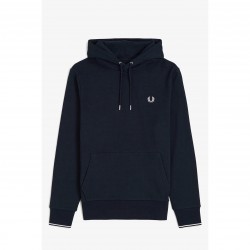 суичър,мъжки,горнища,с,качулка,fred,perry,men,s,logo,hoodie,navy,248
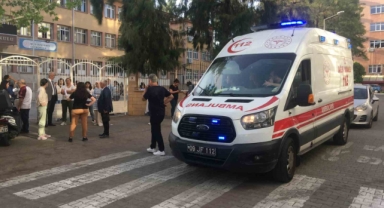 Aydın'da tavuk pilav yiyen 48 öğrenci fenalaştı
___
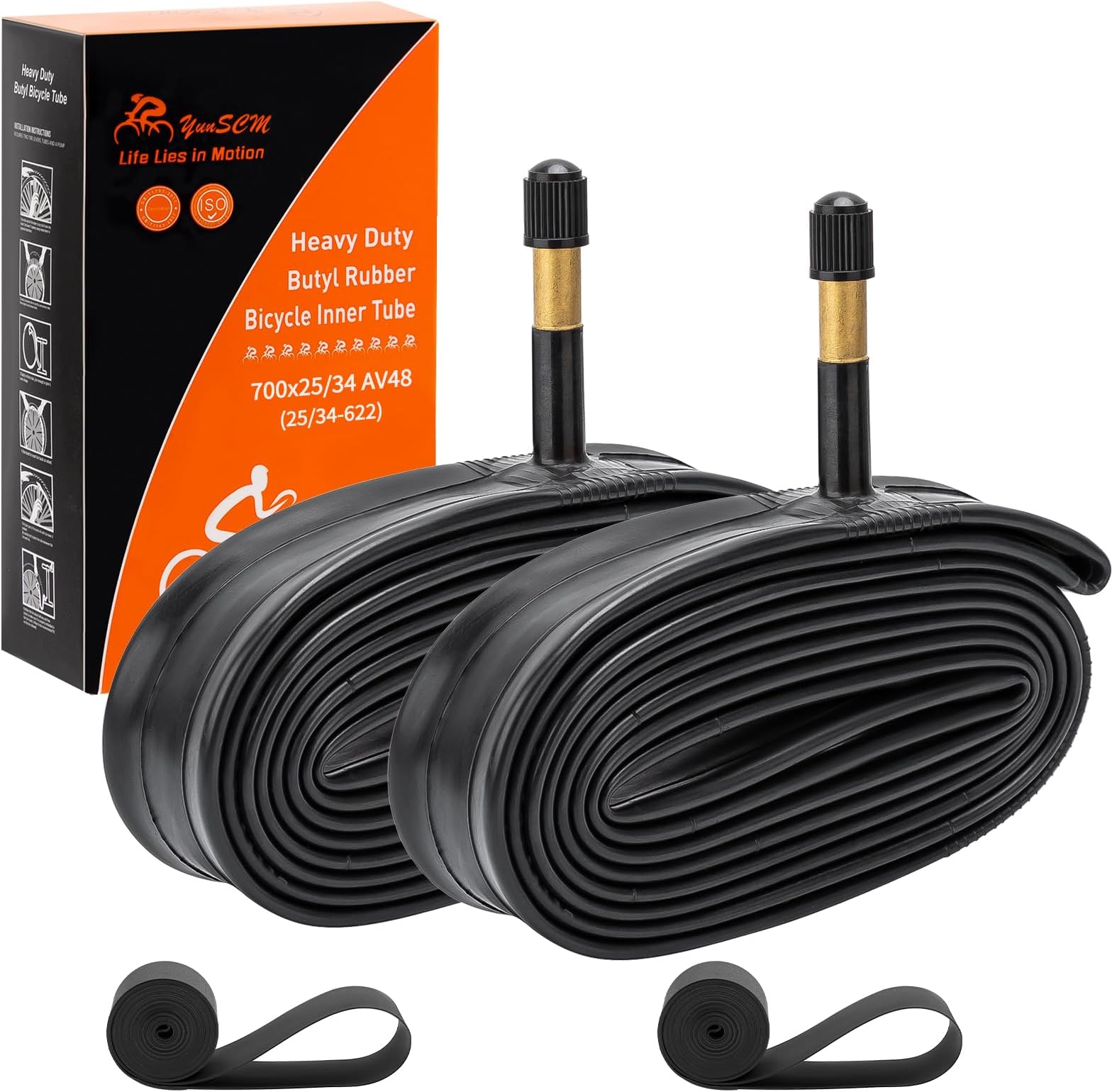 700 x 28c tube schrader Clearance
___
TASK INSTRUCTIONS: No picture is to be printed. Output exactly the lines above from the line containing "суичър,мъжки,г" through the line containing "Aydın'da tavuk pilav".

TASK RESULT:
 суичър,мъжки,горнища,с,качулка,fred,perry,men,s,logo,hoodie,navy,248
 Aydın'da tavuk pilav yiyen 48 öğrenci fenalaştı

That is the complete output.